• [DATASET CONTENT]
=== Section Start ===

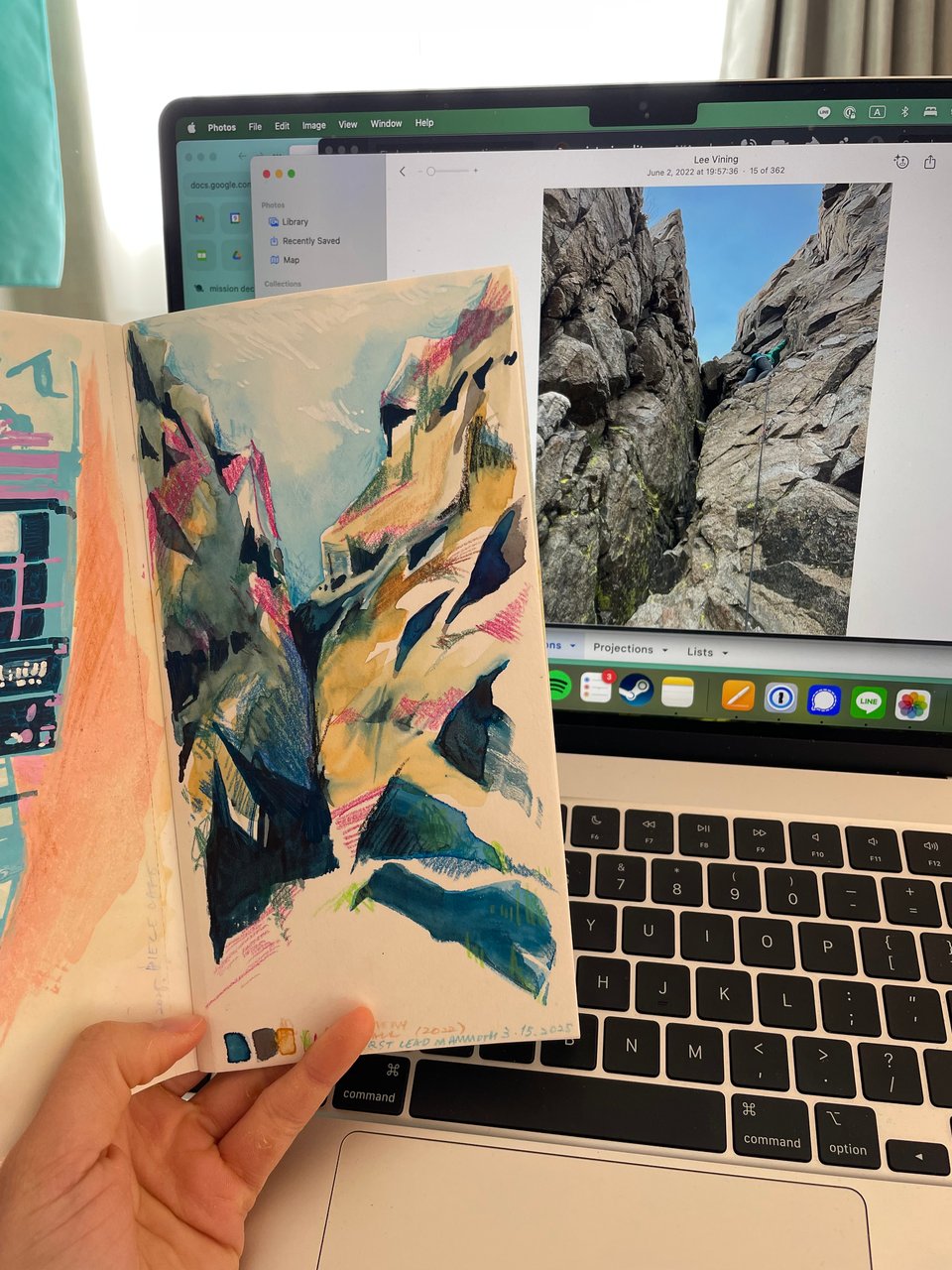A painting of rocks next to its reference photo.
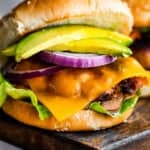 turkey burger with cheese, avocado, and a slice of red onion, set in between sesame seed buns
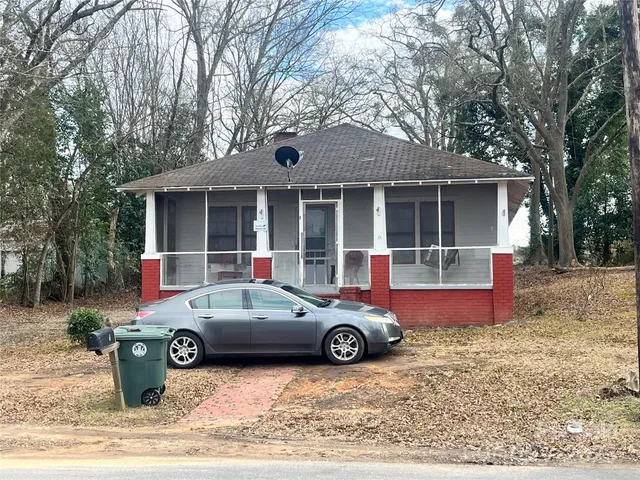 a car parked in front of a house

=== Section End ===

• [WORK INSTRUCTIONS]
Starting from the line where "turkey burger with" appears, copy every line through the end of the material, both ends included, but no pictures.

• [WORKED SOLUTION]
 turkey burger with cheese, avocado, and a slice of red onion, set in between sesame seed buns
 a car parked in front of a house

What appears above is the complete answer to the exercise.